Con la fine degli anni Cinquanta fu consacrato al successo indiscusso il connubio tra Dior e il cinema. Neanche l’improvvisa morte dello stilista nel 1957 a Montecatini Terme fermò la sua ascesa. Nel 1958, per la pellicola Indiscreet di Stanley Donen, Ingrid Bergman indossò delle creazioni firmate dal celebre stilista: il vestito Tuleries e il completo Jardin D’Hiver composto da abito e cappotto, creato da Dior l’anno prima per la stagione A/I.

Nel 1960 toccò a Jean Simmons incantare il pubblico con un vestito a fiori di Dior in The Grass is Greener e nello stesso anno Jean Seberg scelse un abito da cocktail dello stesso stilista per la promozione di À bout de souffle.

Ma il 1960 doveva essere un anno particolarmente favorevole per la maison Dior e il cinema: Brigitte Bardot infatti posò con il completo Nuit aux Antilles, ideato e creato da un giovanissimo Yves Saint Laurent per la collezione della stagione P/E.
L’anno successivo Elizabeth Taylor ritirò il suo primo premio Oscar come migliore attrice protagonista per il film BUtterfield 8, noto in Italia con il titolo di Venere in visone, indossando l’abito Soirée a Rio di Christian Dior.

dior e il cinema

Dior e le dive del cinema: grandi nomi per abiti indimenticabili 

Dior vestì in più di un’occasione anche un’attrice italiana: Sophia Loren.
I due si incontrarono in occasione di Arabesque (1966) di Stanley Donen, per il quale Marc Bohan, designer per Dior, creò dei pezzi per il guardaroba della Loren.
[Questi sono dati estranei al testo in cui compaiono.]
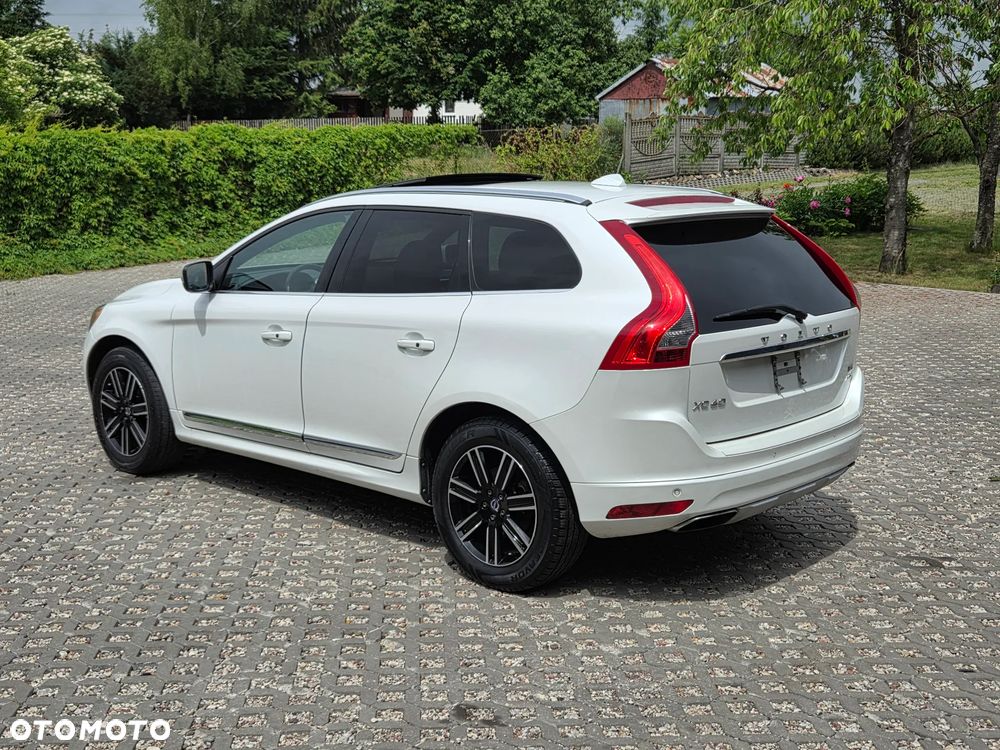 Volvo XC 60 T5 AWD Summum - 4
In particolare un abito rosa in tulle. L’anno successivo per A Countess from Hong Kong fu realizzato un numero di creazioni speciali per l’attrice italiana.

Anche fuori dallo schermo il rapporto tra Dior e il cinema fu sempre molto intenso. Basti pensare non solo alla quantità di pellicole in cui sono apparse sue creazioni, ma anche alle dive che hanno scelto di indossare abiti di Christian Dior nella vita di tutti i giorni, come facevano appunto la Dietrich o la Bergman. Tra questi nomi non può non essere citato anche quello di Grace Kelly che, nel 1967, prese parte all’inaugurazione d’apertura del primo Baby Dior indossando proprio l’iconico ed inconfondibile tailleur.